(GOAL OF THE EXERCISE): Starting with the line that holds "Glass of freshly", repeat each line through the last one below, exactly. Pictures stay out.

-- DATA FOR REVIEW follows --

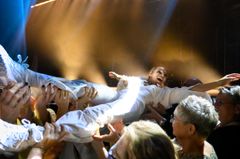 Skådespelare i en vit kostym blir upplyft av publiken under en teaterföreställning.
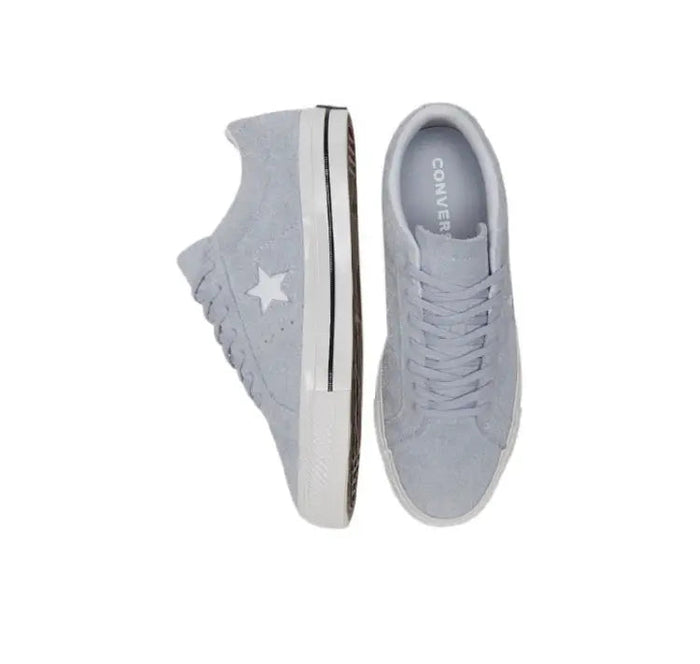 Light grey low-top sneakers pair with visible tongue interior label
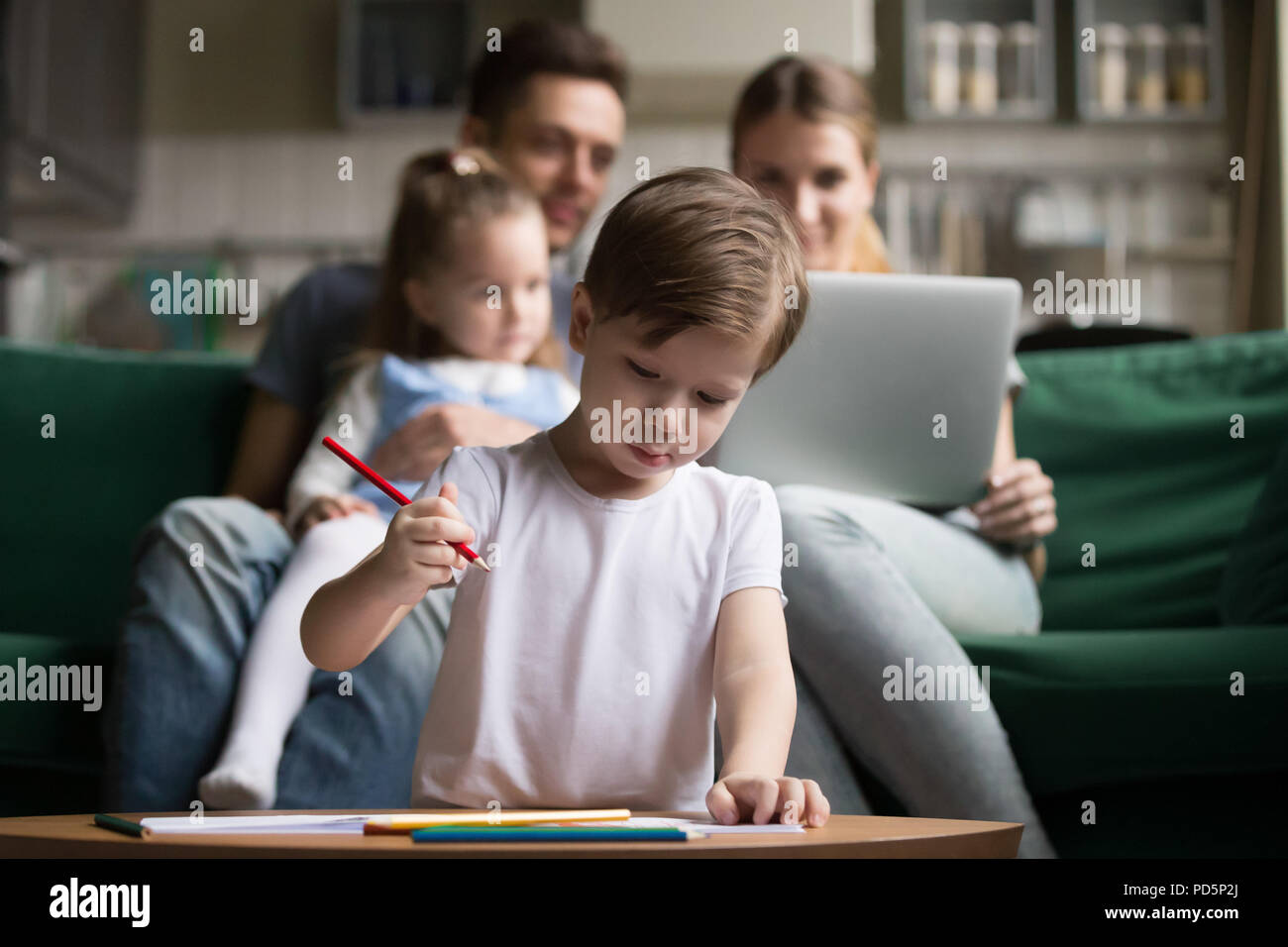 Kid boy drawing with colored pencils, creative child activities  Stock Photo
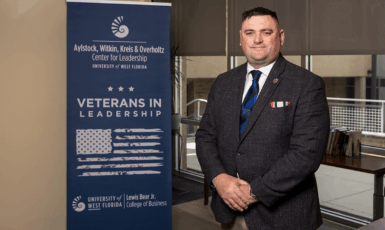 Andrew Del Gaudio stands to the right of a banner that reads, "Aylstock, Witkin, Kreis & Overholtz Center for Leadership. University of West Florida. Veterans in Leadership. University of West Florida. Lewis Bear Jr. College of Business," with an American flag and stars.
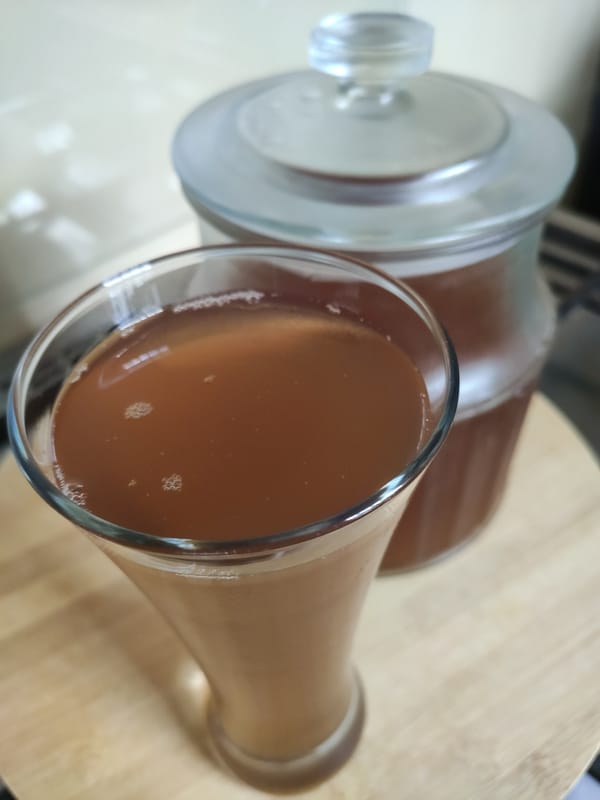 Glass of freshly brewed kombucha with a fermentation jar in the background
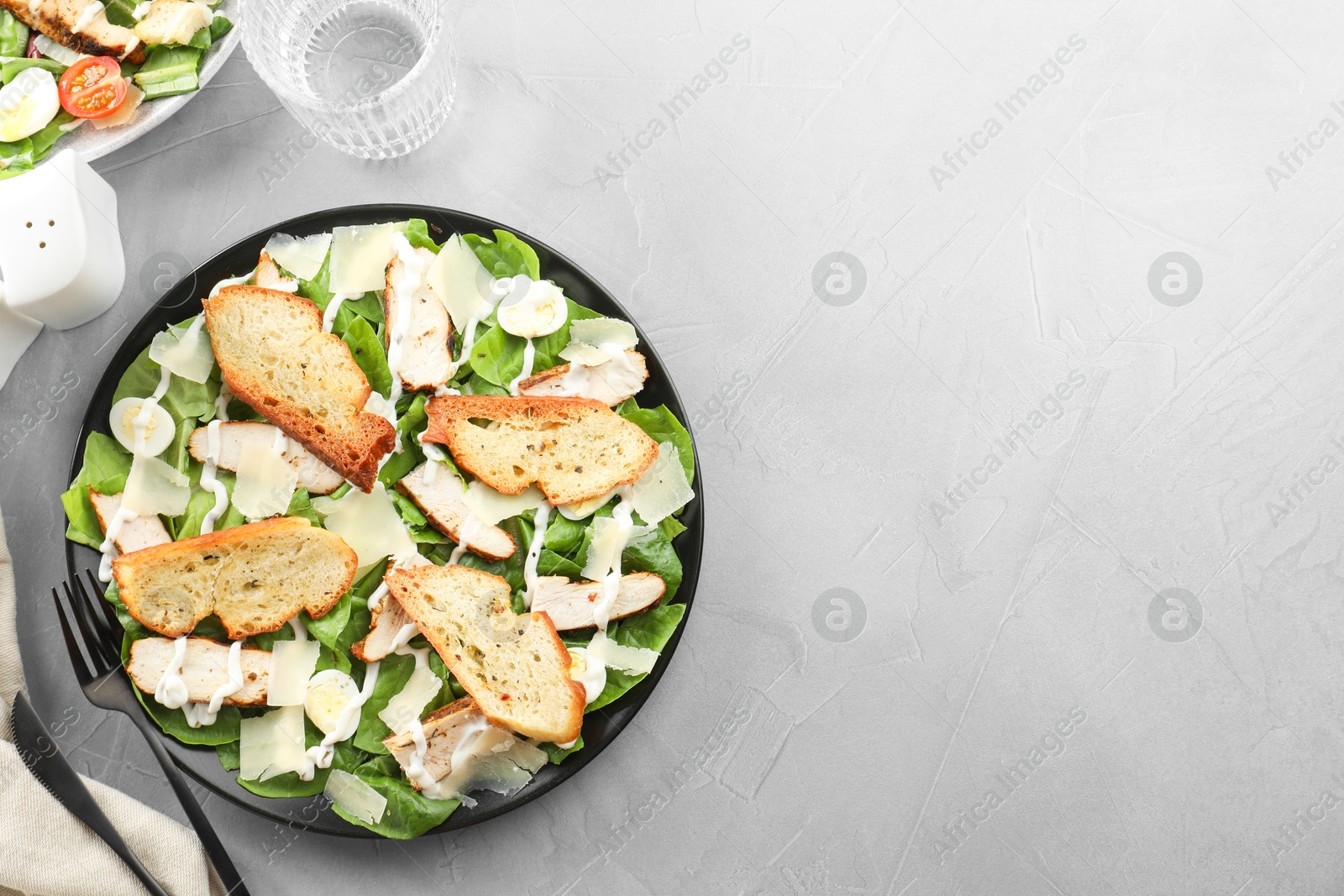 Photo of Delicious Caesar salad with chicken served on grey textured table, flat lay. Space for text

-- DATA FOR REVIEW concluded --

(EXERCISE SOLUTION):
 Glass of freshly brewed kombucha with a fermentation jar in the background
 Photo of Delicious Caesar salad with chicken served on grey textured table, flat lay. Space for text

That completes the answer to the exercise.